At the most basic level (assume a direct-attached setup), ‘interface’ can be used to describe the physical connections required to connect a hard drive to a system (motherboard/controller/array).  The ‘interface’ extends beyond the disk itself, and includes the controller, cabling, and disk electronics necessary to facility communications between the processing unit and the storage device.  Perhaps a better term for this would be ‘intra-connect’ as this is all relative to the storage bus.  Common interfaces include IDE, SATA, SCSI, SAS, and FC.  Before data reaches the disk platter (where it is bound by IOPS), it must pass through the interface.  The standards bodies that define these interfaces go beyond the simple physical form factor; they also define the speed and capabilities of the interface, and this is where we find another measure of storage performance: throughput.  The speed of the interface is the maximum sustained throughput (transfer speed) of the interface and is often measured in Gbps or MBps.

Here are the interface speeds for the most common storage interfaces:

  • IDE          100MBps or 133MBps
  • SATA      1.5Gbps or 3.0Gbps (6.0Gbps is coming)
  • SCSI         160MBps (Ultra-160) and 320MBps (Ultra-320)
  • SAS          1.5Gbps or 3.0Gbps (6.0Gbps is coming)
  • FC             1Gb, 2Gb, 4Gb, or 8Gb (Duplex throughput rates are 200MBps, 400MBps, 800MBps, and 1600MBps respectively)

If we take these speeds at face value, we see that a 320MBps SCSI and a 2Gbps FC are not too different.  If you dig a bit deeper you will soon find that simple speed ratings are not the end of the story.  For example, FC throughput can be impacted by the length and type of cable (fiber channel can use twisted pair copper in addition to fiber optic cables).  Also, topologies can limit speeds – serial connected topologies are more efficient than parallel on the SCSI side, and arbitrated loops can incur a penalty on the FC side.  The specifications of each interface type also define capabilities such as the protocol that can be used, the number of devices allowed on a bus, and the command set that can be used in communications on a storage system.  For example, SATA native command queuing (NCQ) can offer a performance increase over parallel ATA’s tagged command queuing with other factors held constant.   Because of this, you  might also see some performance implications of connecting a SATA drive to a SAS backplane, as the SAS backplane translates SAS commands to SATA.

If we move away from the direct-connect model, and into a shared storage environment that you might use in a VMware-virtualized environment, the ‘interface’ takes on an additional meaning.  You certainly still have the bus ‘interface’ that connects your disks to a backplane.  Modern arrays typically use SAS or FC backplanes.  If you have multiple disk enclosures, you also have an interface that connects each disk shelf to the controller/head/storage processor, or to an adjacent tray of disks.  For example, EMC Clariion’s use a copper fiber channel cable in a switched fabric to connect disk enclosures to the back-end of the storage processors.
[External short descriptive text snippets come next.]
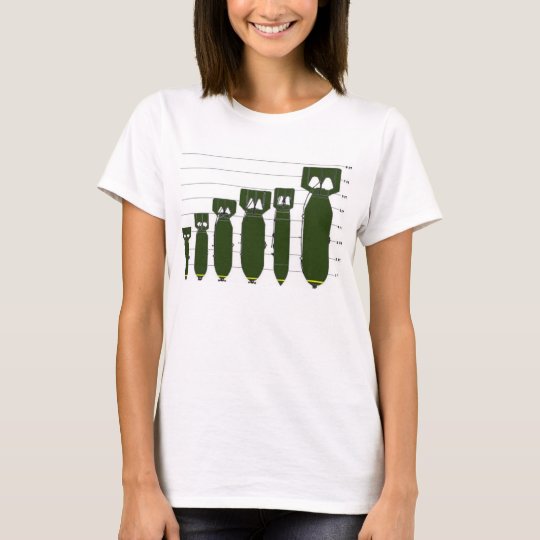 my boyfriend is da bomb T-Shirt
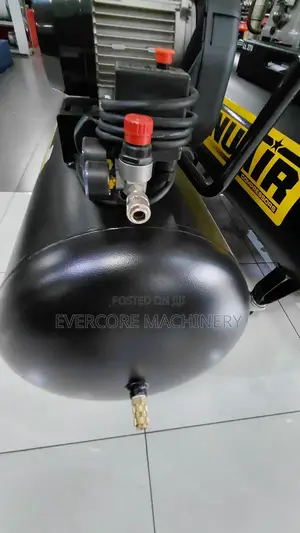 Nuair Italian 200l Electric Air Compressor Single Phase.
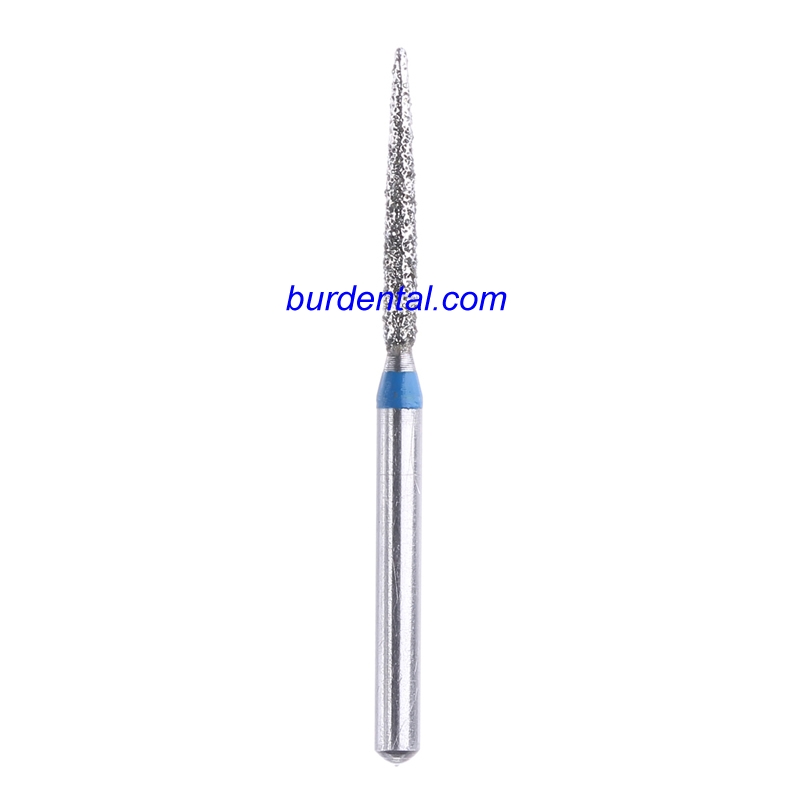 248S-012M Flame Diamond Bur FG Medium grit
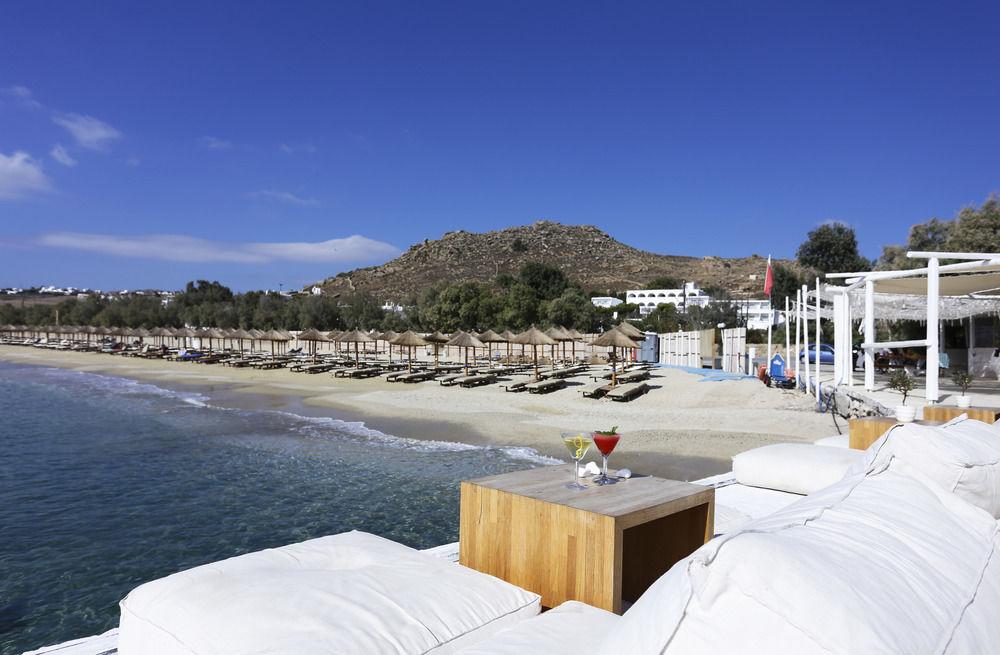 Aphrodite Beach Hotel & Resort Mykonos Town Buitenkant foto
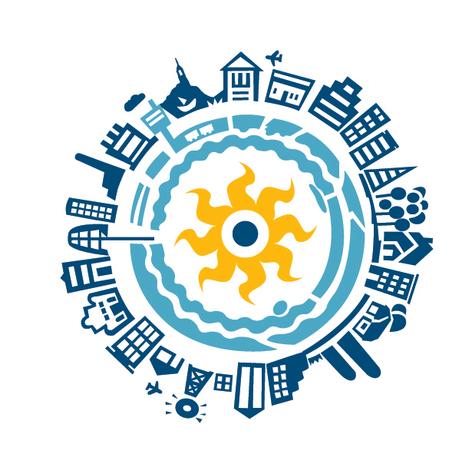 לוגו הכינוס הבינלאומי ה-12 לסרטן העור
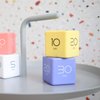 mooas Cube Timer, Time Management, Kitchen Timer, Kids Timer, Workout Timer, Timer for Studying, Cooking (Violet)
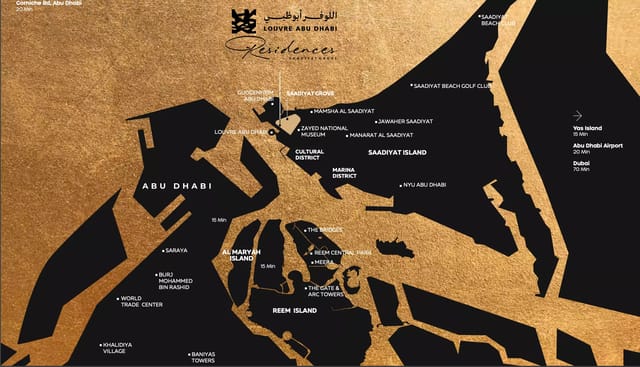 Louvre Abu Dhabi Residences by Aldar Properties PJSC - View Image 8 Louvre Abu Dhabi Residences - Aldar Properties PJSC Development - Image 8 of 8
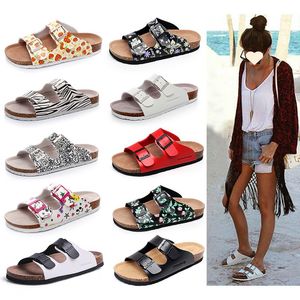 New Summer Cork Slipper Flip Flip Sandals Woman Women Mulheres Mistoras Sapatos Casuais Sapatos Plataforma Plataforma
If we move to the front-end of the storage system, ‘interface’ describes the medium and protocol used by initiating systems (servers) when connecting to the target SAN.  Typical front-end interface mediums on a SAN are Fiber Channel (FC) and Ethernet.  Front-end FC interfaces come in the standard 2Gb, 4Gb, or 8Gb speeds, while Ethernet is 1Gbps or 10Gbps.  Many storage arrays support multiple front-end ports which can be aggregated for increased bandwidth, or targeted by connecting systems using multi-pathing software for increased concurrency and failover.

Various protocols can be sent over these mediums.  VMware currently supports Fiber Channel Protocol (FCP) on FC, and iSCSI and NFS on Ethernet.  FC and iSCSI are block-based protocols that utilize encapsulated SCSI commands.  NFS is a NAS protocol.  Fiber Channel over Ethernet (FCoE) is also available on several storage arrays, sending FCP packets across Ethernet.

Determining which interface to use on both the front-end and back-end of your storage environment requires an understanding of your workload and your desired performance levels.  A post on workload characterization is coming in this series, so I won’t get too deep now.  I will, however, provide a few rules of thumb.  First, capture performance statistics: using Windows Perfmon, look at Physical Disk|Disk Read Bytes/sec or Disk Write Bytes/sec), or check out stats in your vSphere Client if you are already virtualized.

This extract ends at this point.